Only when the last of the bodies were taken care of did he manage to spend a couple of hours sound asleep, facedown under the nearest tree, before some lieutenant shook him awake and ordered him to form up a detail. He was to lead a top-speed, house-to-house search for survivors in those neighborhoods that stood in the path of the advancing flames. He and his crew would have to keep themselves moving just ahead of the firewall, in a final pass through the standing homes before the firestorms consumed them.

His stomach was already twisted with hunger; his bones ached. He wondered how the two soft recruits were going to take to another difficult assignment. But he was pleasantly surprised to see Gibbons and Mummery actually perk up a bit under the challenge. The necessity of it was plain, even to them.

Unfortunately, there weren't many victories there. Most of what
he saw within the masses of tilting wreckage was an endless repetition of mangled bodies, long dead. A small few were still alive, but trapped beyond saving in the few moments before the flames found them. Most of the living victims wanted to be left alone to tug at their restraints. But three of them, strangers trapped together, all begged to be shot, just as the young man had done on the first morning. He took a deep breath and obliged every one of the three in the same way that his father taught him to dispatch game— shoot quick, take them by surprise if you can, and show mercy by getting it right the first time.

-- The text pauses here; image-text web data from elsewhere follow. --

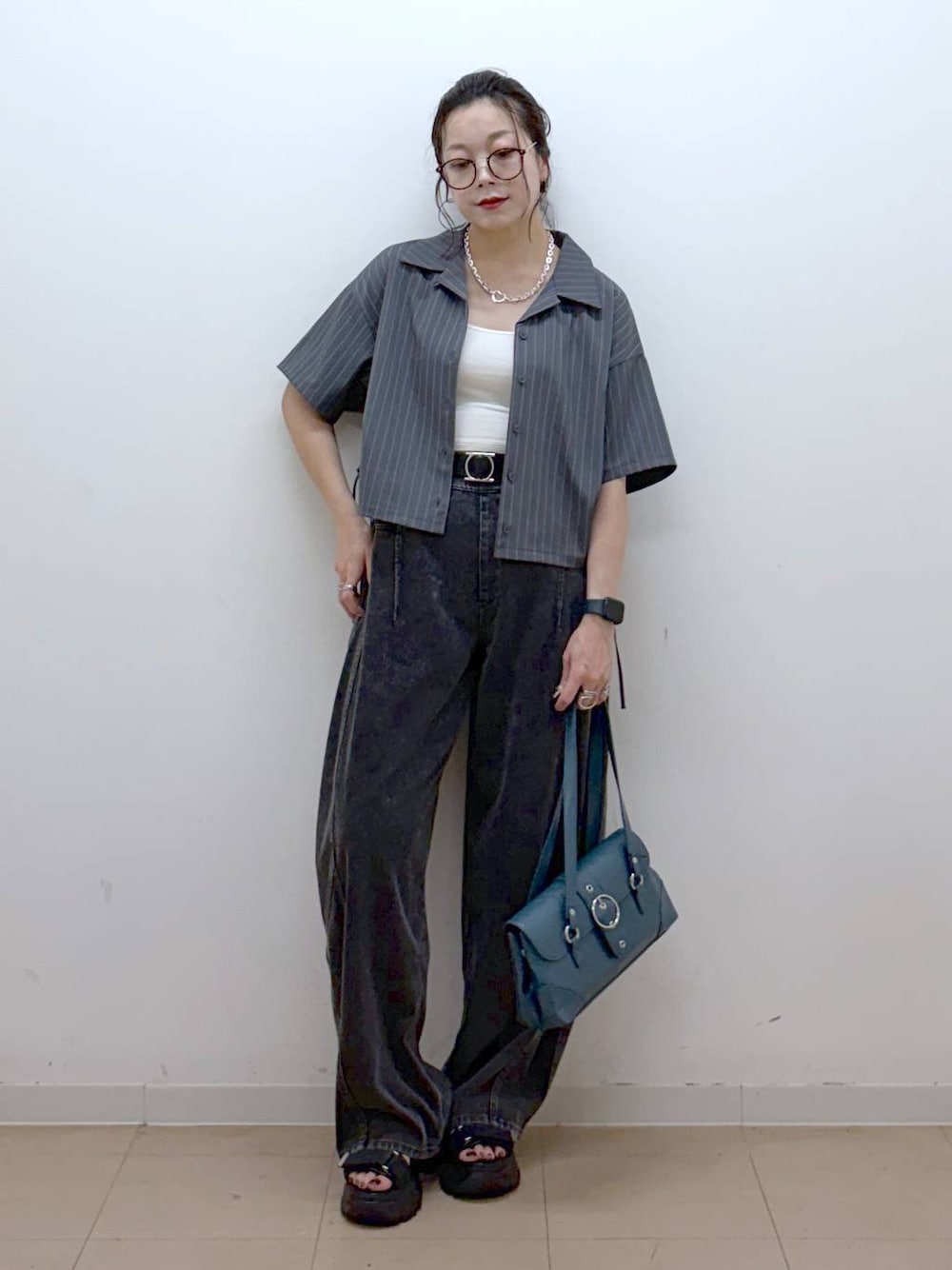 ブラック系のデニムパンツ、ブラック系のサンダル、グレー系のシャツ/ブラウスを着用したレディースの夏コーディネートの1枚目の写真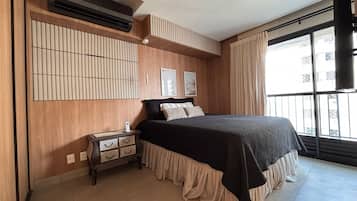 A bedroom with a bed, bedside table, wall-mounted air conditioning unit, and a window with curtains.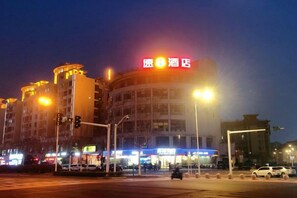 Un immeuble à plusieurs étages, doté d’une enseigne lumineuse, de lampadaires et d’un passage piéton.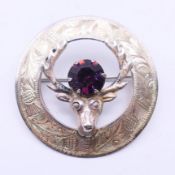 A silver stag's head brooch, hallmarked for Edinburgh. 4 cm diameter.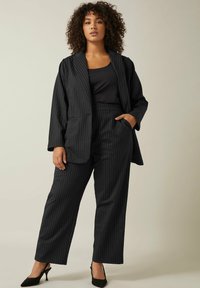 Zwarte pinstripe blazer en broek van een gladde stof. De blazer heeft een open voorkant en twee zakken; de broek heeft een rechte pijp en een hoge taille.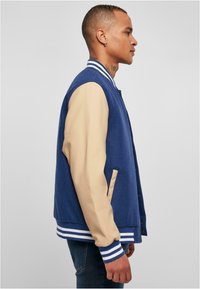 Jachetă varsity albastră cu mâneci bej, guler și manșete ribbate, nasturi tip snap și buzunare laterale, având o textură netedă și un design sportiv.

Before another hour passed, Blackburn realized that he was at that strange house where he and his men had heard the woman's terrible screams during their long march to the square. He sent his men in, but decided to join them and check for clues about the source of the screams.

It turned out that there was nothing there, only more of the endless dead, beaten by the quake. He got his men out of there with scant minutes to spare. There wasn't even time to examine the bodies. His team had done all that they could, and it was no longer possible to keep ahead of the fires. He sent them back to Portsmouth Square to get some rest.

He doubted that there was anyplace else for him to go back to; his apartment building stood within the previous day's burn area. At the moment, he felt more upset about not knowing where to go to get some uninterrupted rest than over the loss of his home. As far as his apartment was concerned, there wasn't much to lose. The place itself had merely been somewhere to store clothing and to sleep between stretches of overtime. The only possessions that held any grip on his affection pertained to his work, and those were still safe inside his sergeant-sized police locker in the more fortunate part of the station.

Despite his efforts, he realized that the earthquake had taken a much smaller toll on him than the majority of the people he was paid to protect. Something about that felt right to him, since he
lived in such simplicity and diverted nearly all of his energy to his career. But there were days, now that he was over thirty, when he found that the world had little patience for a single man, a widower (how he hated the word) who had been alone for nearly ten years without ever coming close to remarrying. Society in general tended to dismiss him as a confirmed bachelor and a social standoff. In his bleakest moments of reflection, Blackburn found that the idea of close friendship between men, or of romances with women, somehow seemed more like the performance of an exotic play than something he might actually find in daily life. But now with the fires continuing to eat up the city, he couldn't let go of the desire to rush home and try to retrieve something, anything, and join the treasure hunters sifting the rubble for their own belongings.

The lieutenant was not a fool and could judge how close to cracking from exhaustion all of his men were, so he ordered Blackburn and a few of the others to crawl into the nearby police command tent. They were advised to get a few hours of rest but then stay put until needed. The lieutenant reminded him that there was no point in trying to go home, anyway. Everything was gone.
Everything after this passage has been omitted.